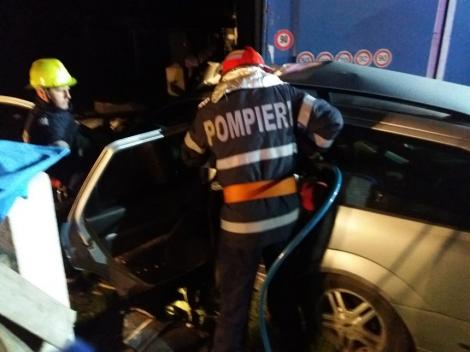 Patru tineri au murit în județul Neamț după ce au intrat cu maşina sub un TIR parcat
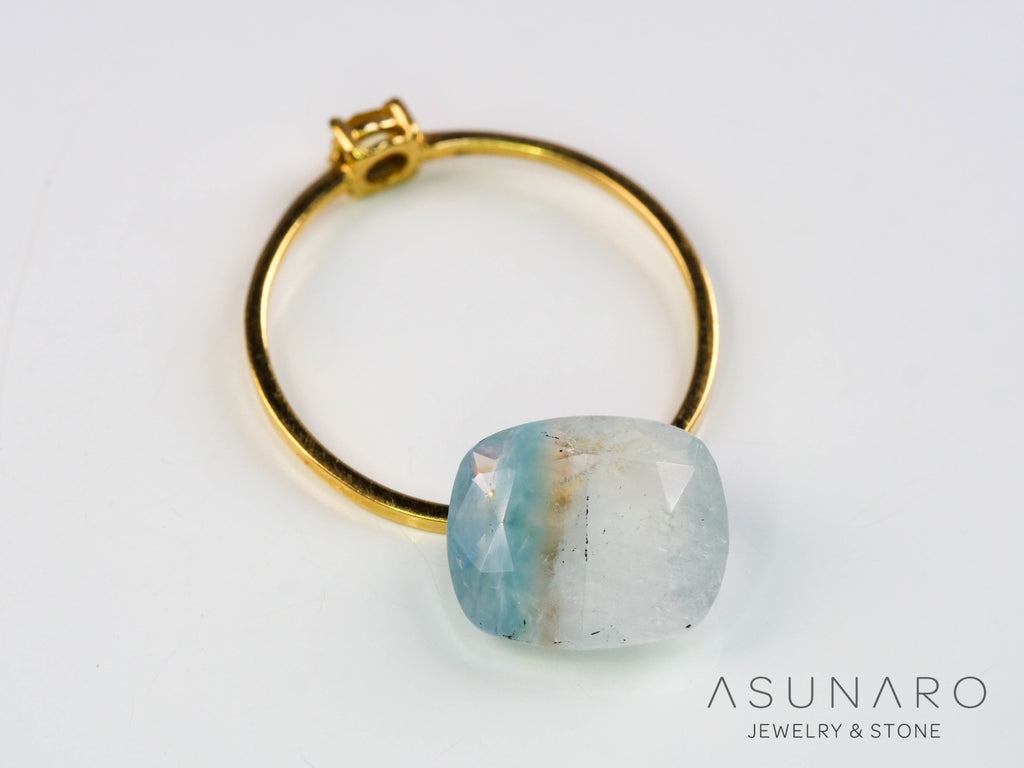 ギラライトインクォーツ　クッションカット　ブラジル産 　2.84ct 【251117-3135】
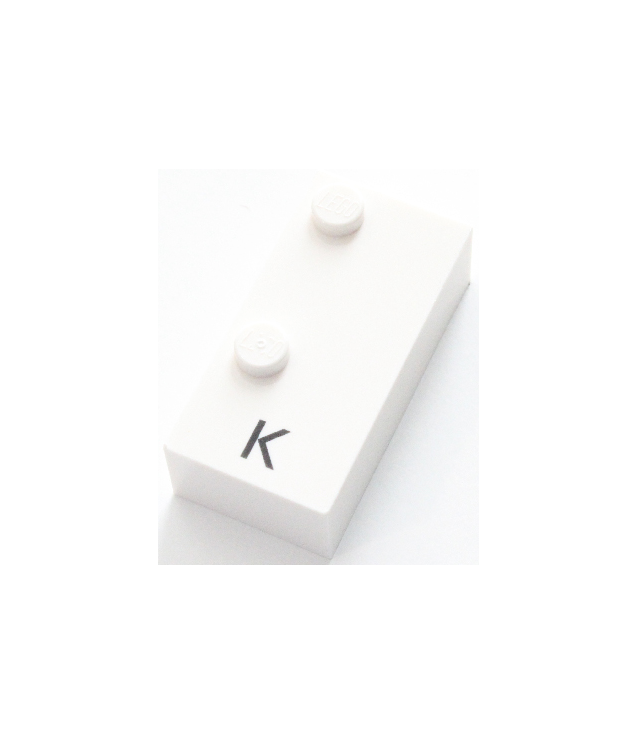  - Steen, braille 2 x 4 met 2 noppen en zwarte hoofdletter K patroon (punten-13 ⠅) - White | N
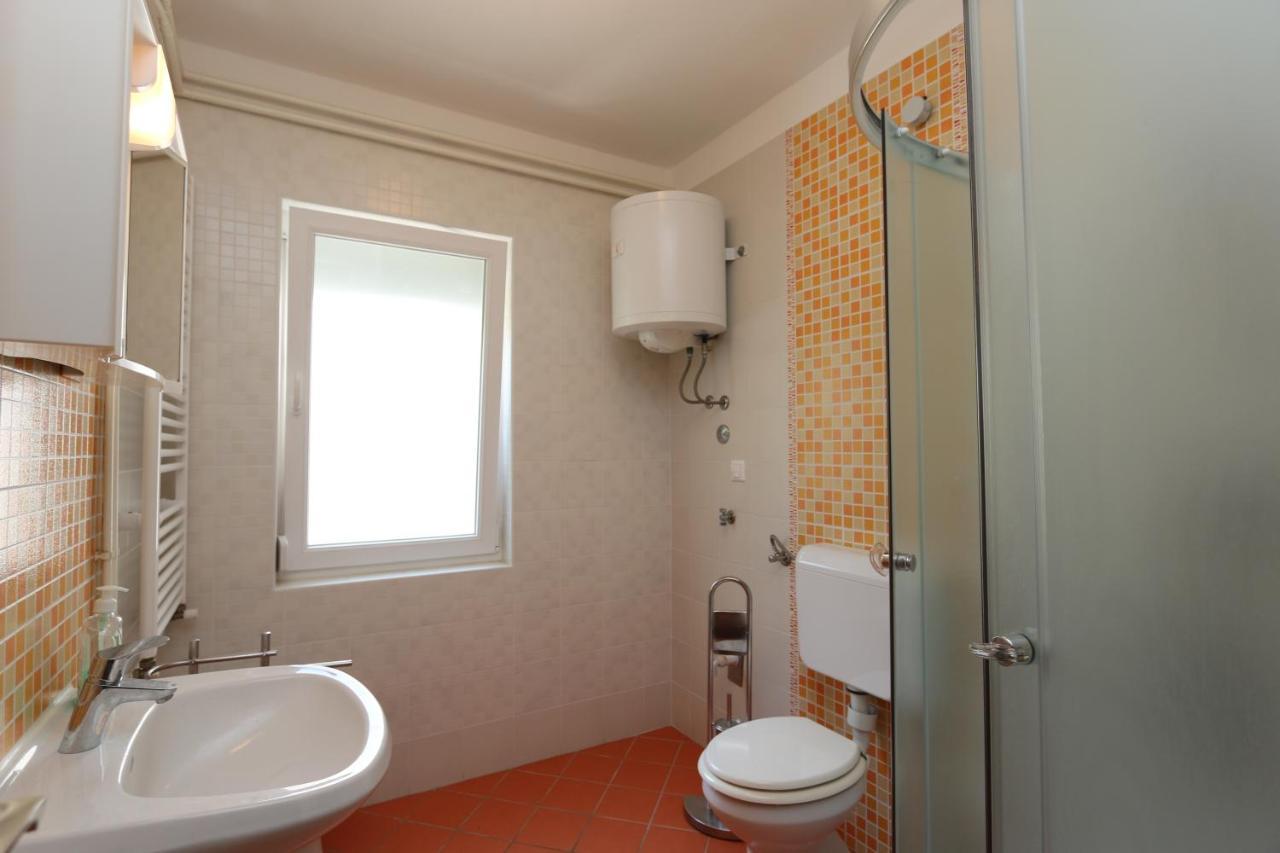 Apartments Grskovic G. Jesenovica Šilo Dış mekan fotoğraf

Aim of the exercise — Where the line containing "ギラライトインクォーツ　クッションカット　ブラジル産 　2.84ct 【251117-3135】" appears, begin writing out the lines exactly, and continue through the end of the material above, omitting pictures.

Expected answer —
 ギラライトインクォーツ　クッションカット　ブラジル産 　2.84ct 【251117-3135】
  - Steen, braille 2 x 4 met 2 noppen en zwarte hoofdletter K patroon (punten-13 ⠅) - White | N
 Apartments Grskovic G. Jesenovica Šilo Dış mekan fotoğraf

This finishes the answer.